The comparison with 1990 data (using county-based definitions for New England for both years) showed that there has been a substantial change in the level of sprawl in the United States. In the past decade, sprawl increased in 198 metropolitan areas and decreased in 97. It was unchanged in 21 metropolitan areas, and 11 of these were at 100 in both 1990 and 2000. Large metropolitan areas again had lower levels of sprawl: only 24 saw increased sprawl, and 27 had decreased sprawl. One large metropolitan area was unchanged. Considering all metropolitan areas together, there were almost 16% more metropolitan areas scoring above 75 at the end of the decade but only one net additional metropolitan area scoring below 25. Among large metropolitan areas, the total number of metropolitan areas scoring above 50 decreased by 3. Two metropolitan areas dropped below 25: Ft. Lauderdale and Stockton-Lodi; and one moved above 25: Laredo. The total number of people living in metropolitan areas scoring below 50 grew from 90.5 million to 115.6 million (a 27% increase), whereas the total number of people living in metropolitan areas scoring above 50 grew from 84.2 to 85.0 million (a 0.1% increase). Most net growth has occurred in metropolitan areas with lower sprawl index scores.

DISCUSSION

Surveying metropolitan areas as a whole, it is not surprising that sprawl has become a matter of public debate. More than half the nation's metropolitan areas containing more than 40% of the country's total metropolitan population had a sprawl index greater than 50, indicating that more people lived in lower density census tracts than in higher density tracts. The ratio of metropolitan areas increasing in sprawl versus those decreasing was nearly 2 to 1 over the past decade. The results here are similar to other attempts to measure sprawl, which also found that larger cities tend to be denser and southern cities sprawl more. Others also produced results in keeping with ours that belie the popular conception that Los Angeles is a metropolitan area with low levels of sprawl.
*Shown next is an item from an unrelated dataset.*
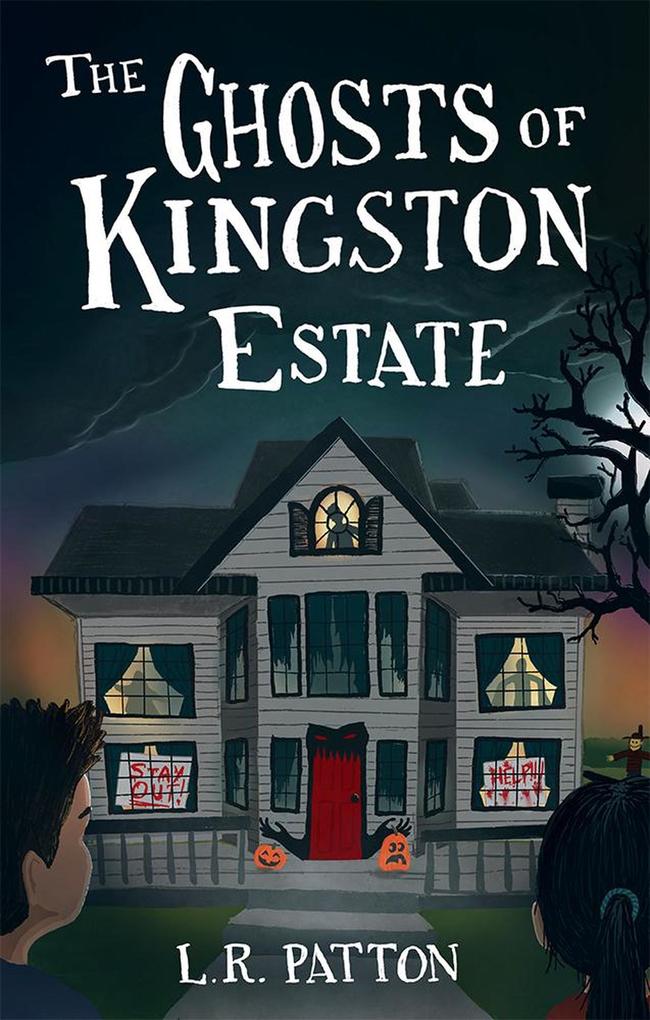 The Ghosts of Kingston Estate (Penn Files #2)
The 1990-2000 growth in the number of people living in less dense census tracts together with the growth in the number of people living in metropolitan areas with index scores less than 50 would at first seem contradictory. However, this may be the result of growth in low-density areas of these larger, denser metropolitan areas. This implies that sprawl is increasing in these metropolitan areas even as they add population because new growth is much less dense than older portions of these metropolitan areas. In contrast, the constant total population of metropolitan areas scoring more than 50 over this time period suggests that population growth in these areas may have pushed some of these metropolitan areas into more dense configurations. The flat growth in metropolitan areas with high sprawl scores also seems contradictory at first given the high rates of growth in the South and in highly sprawled metropolitan areas such as Atlanta. But the high population gains in some sprawled metropolitan areas might have been offset by population losses in other small, highly sprawled metropolitan areas in the Midwest and North East.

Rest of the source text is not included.